ドジャース山本由伸の故郷・岡山県備前市が企画「総額6000万円観戦ツアー」にやり過ぎの声

 米アリゾナ州グレンデールで行われているキャンプに参加中のドジャース・山本由伸。打撃練習では最速155キロを出して「85%」と自身を評価するなど仕上がりは上々のようだ。3月20日から韓国で行われるパドレスとの開幕2連戦が「初登板」になるとも言われており、ファンの期待も高まっている。

 そんな現地での盛り上がりと同様にヒートアップしているのが山本の故郷である岡山県備前市だ。同市は「現地観戦ツアー」を企画し、市と市民が一丸となって山本を応援しようと声を上げた。ところが、この観戦ツアーがちょっとした物議を醸しているようなのだ。

「企画の内容はロサンゼルスのドジャースタジアムで試合を観戦するというもので、備前市では市内の中学生を中心とした子供を対象に約200人を募集するとしています。ツアーの運営は民間に委託するそうですが、市はそのために24年度の予算案に6000万円を計上したのです。これは子供1人あたり30万円を補助する形です」(社会部記者)

 山本にとってはなんと頼もしい応援団だろうが、子供1人あたり30万円の助成金はすべて税金から賄われる。また、応募者が殺到した場合、200人に漏れる子供が出てくる可能性も否めない。そうしたことから、市民から「公平性を欠く」「やり過ぎ」など疑問の声が上がっているのだ。

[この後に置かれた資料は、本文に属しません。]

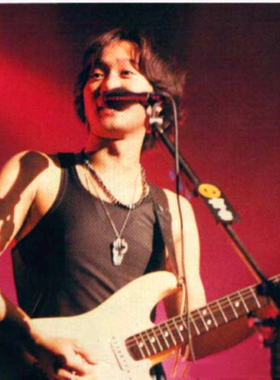 黄家驹同款拳头吊坠项链钛钢男女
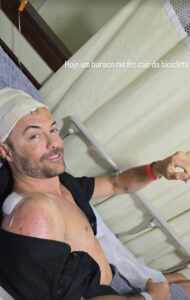 Kayky Brito sofre novo acidente de bicicleta e tranquiliza fãs nas redes sociais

「備前市は昨年も同市出身のオリックス・頓宮裕真を応援するツアーを2度行っています。こちらは大阪の京セラドームへのツアーでしたが、今回は海外ですから、かかる費用も高くなる。それならその分の予算を子育て支援など他の施策にあてるべき、という声が上がっているのです。30万円で足りない分は自己負担になり、また、付き添う保護者の分は全額自己負担になることから、渡航費を出すことができる家庭は限られそうで、これも不公平感につながっています。助成金を受けた裕福層の家族旅行になってしまう、と指摘されていますね」(スポーツライター)

 備前市では昨年、マイナンバーカードの取得を条件に子供の給食費や保育料などの無償化を打ち出したことがあった。だが、市民から異論が噴出したため、吉村武司市長は「当初は想定していなかったが、地方創生臨時交付金を受けられることになった」として、この施策を撤回している。

 今回の現地観戦ツアーに対しても市民の反対の声はやみそうになく、見直しを迫られる可能性が出てきたのである。